• _PROBLEM DETAILS_: Wherever a line below holds the word "with", copy that line.

• _ENTRIES SUPPLIED_:
== Segment start ==
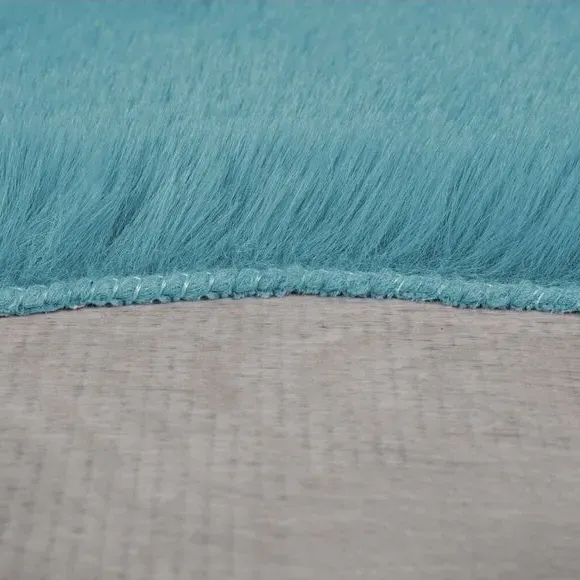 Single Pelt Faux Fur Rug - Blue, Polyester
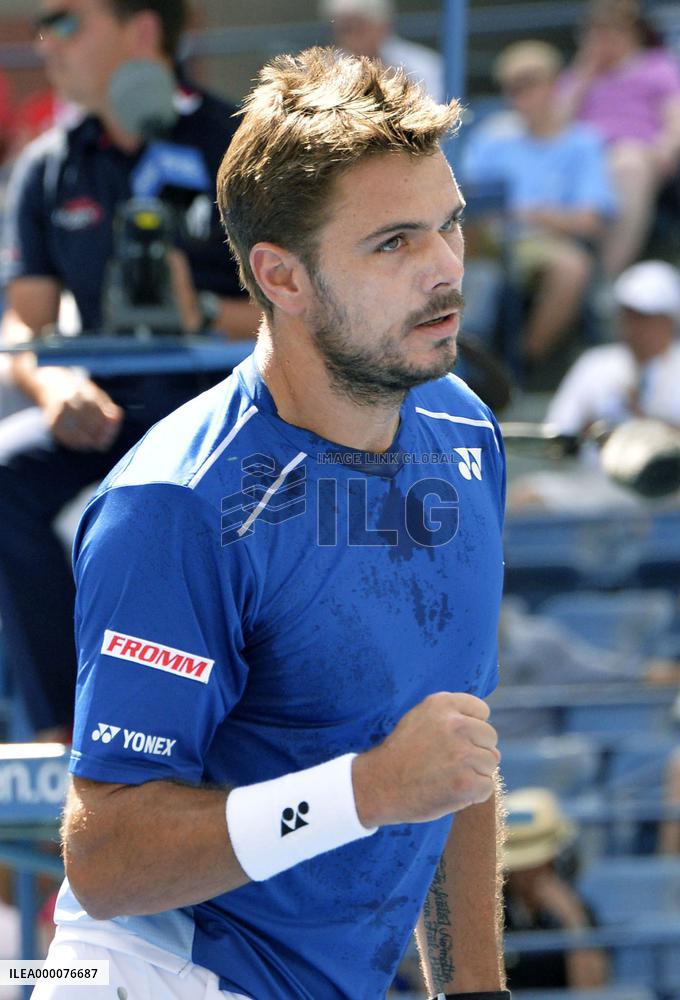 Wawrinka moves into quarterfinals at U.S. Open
== Segment end ==
== Segment start ==
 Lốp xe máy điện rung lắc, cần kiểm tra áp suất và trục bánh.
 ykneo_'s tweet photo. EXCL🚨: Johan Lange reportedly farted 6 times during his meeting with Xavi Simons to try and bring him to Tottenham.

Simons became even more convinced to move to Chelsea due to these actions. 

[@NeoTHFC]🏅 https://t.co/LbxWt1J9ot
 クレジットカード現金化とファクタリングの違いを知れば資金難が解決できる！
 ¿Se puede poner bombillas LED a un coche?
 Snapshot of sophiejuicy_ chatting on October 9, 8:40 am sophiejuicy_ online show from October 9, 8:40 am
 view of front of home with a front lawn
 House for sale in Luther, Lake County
== Segment end ==
== Segment start ==
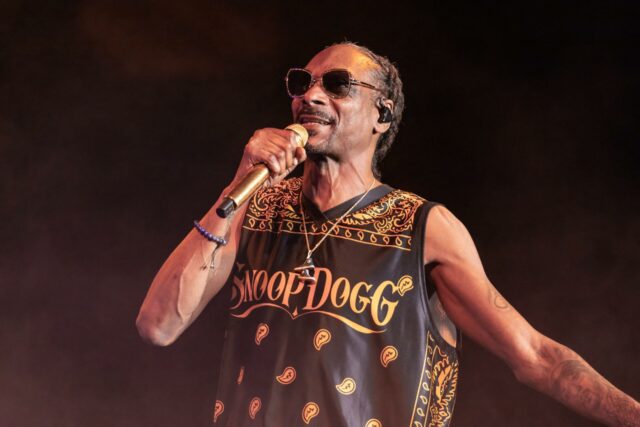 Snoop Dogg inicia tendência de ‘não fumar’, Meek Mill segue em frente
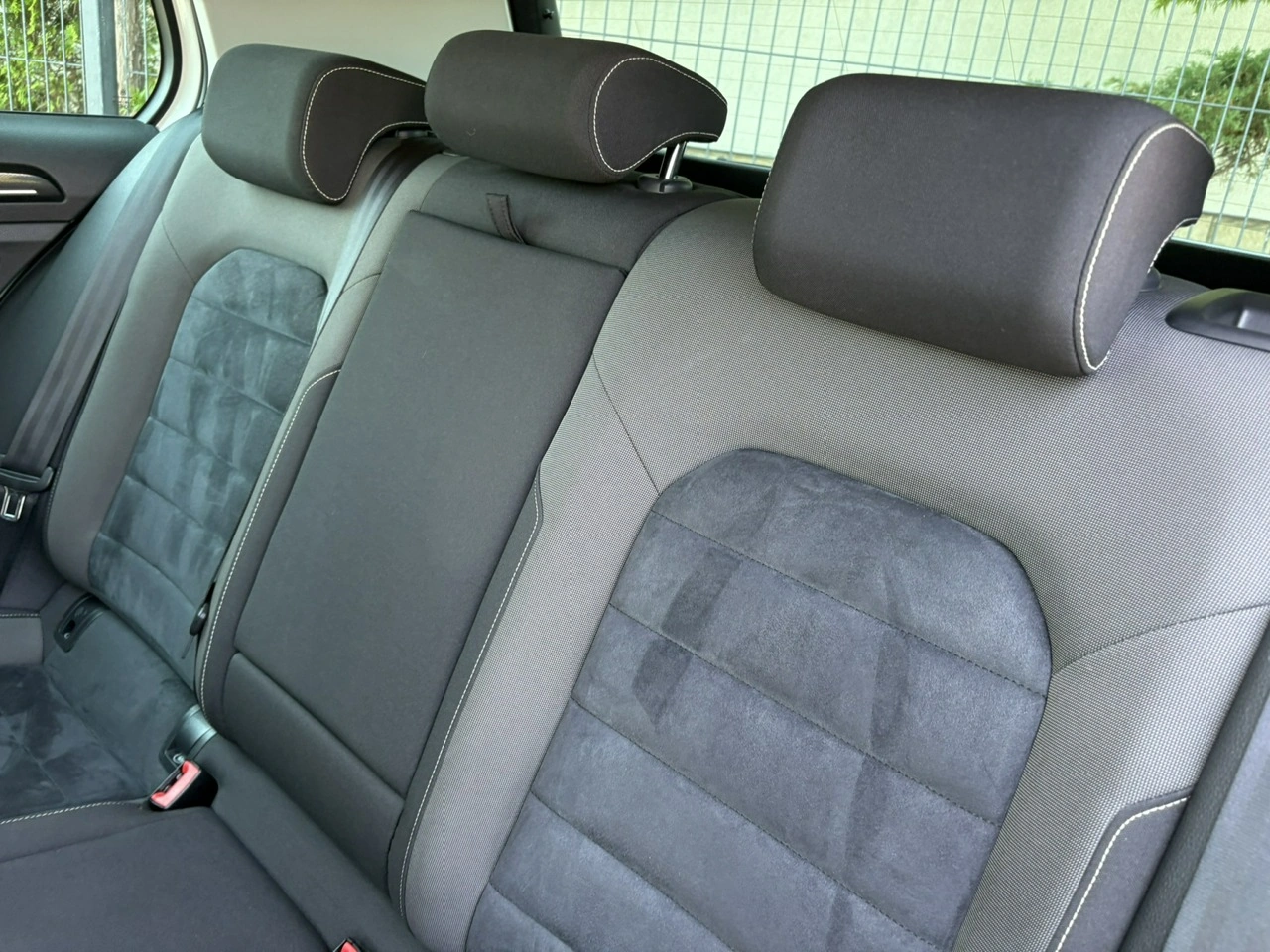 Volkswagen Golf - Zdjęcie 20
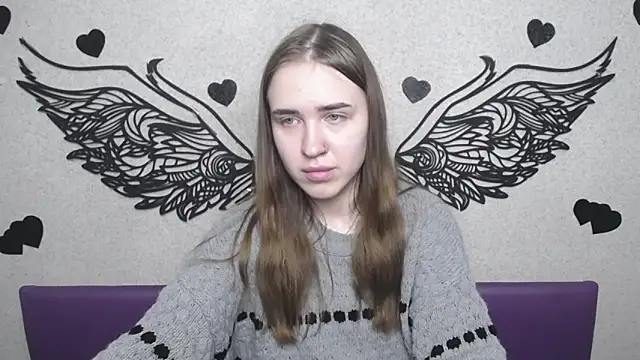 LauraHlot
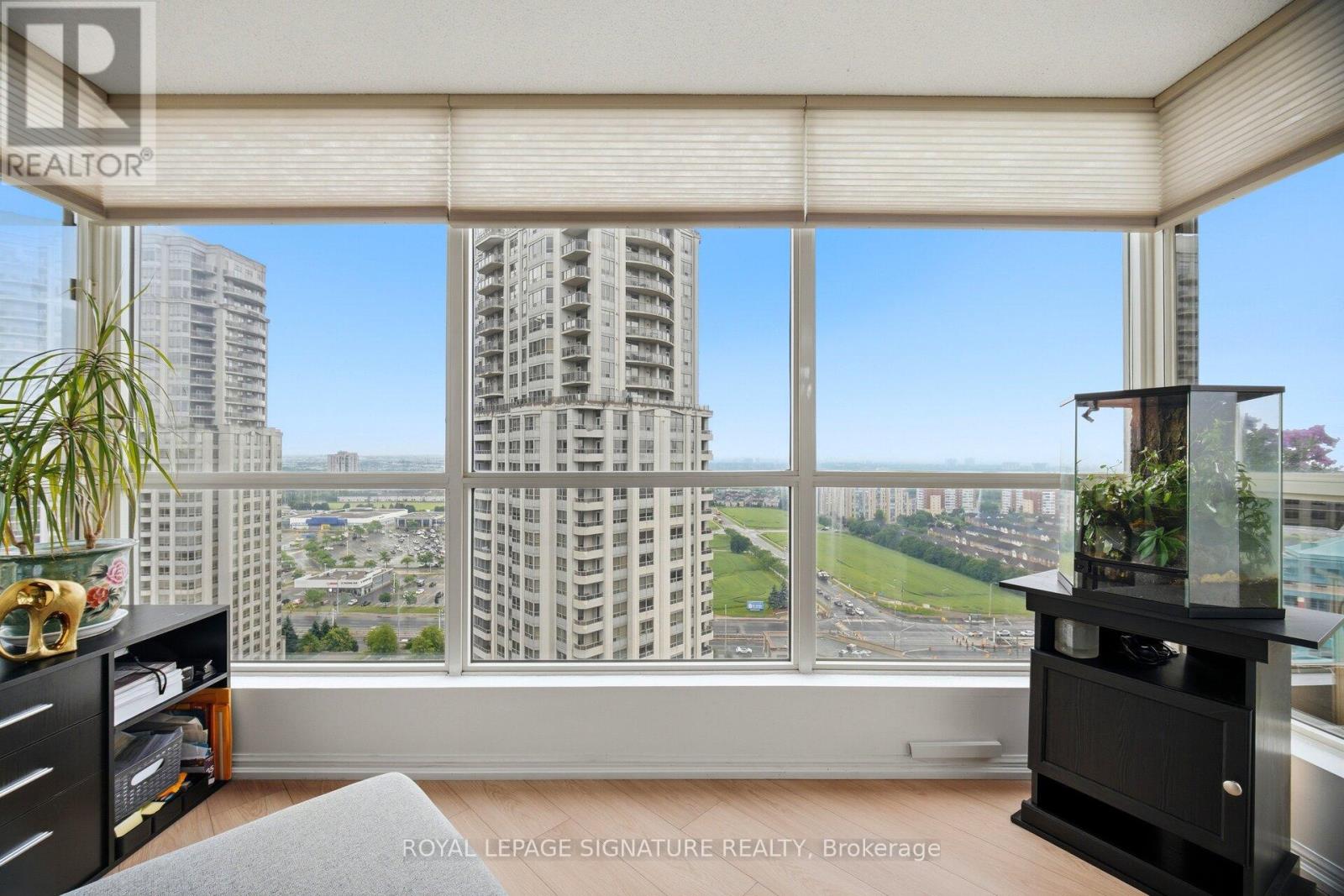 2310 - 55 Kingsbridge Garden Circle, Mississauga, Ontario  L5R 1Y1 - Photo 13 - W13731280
== Segment end ==
• _PROBLEM SOLUTION_:
 ykneo_'s tweet photo. EXCL🚨: Johan Lange reportedly farted 6 times during his meeting with Xavi Simons to try and bring him to Tottenham.
 view of front of home with a front lawn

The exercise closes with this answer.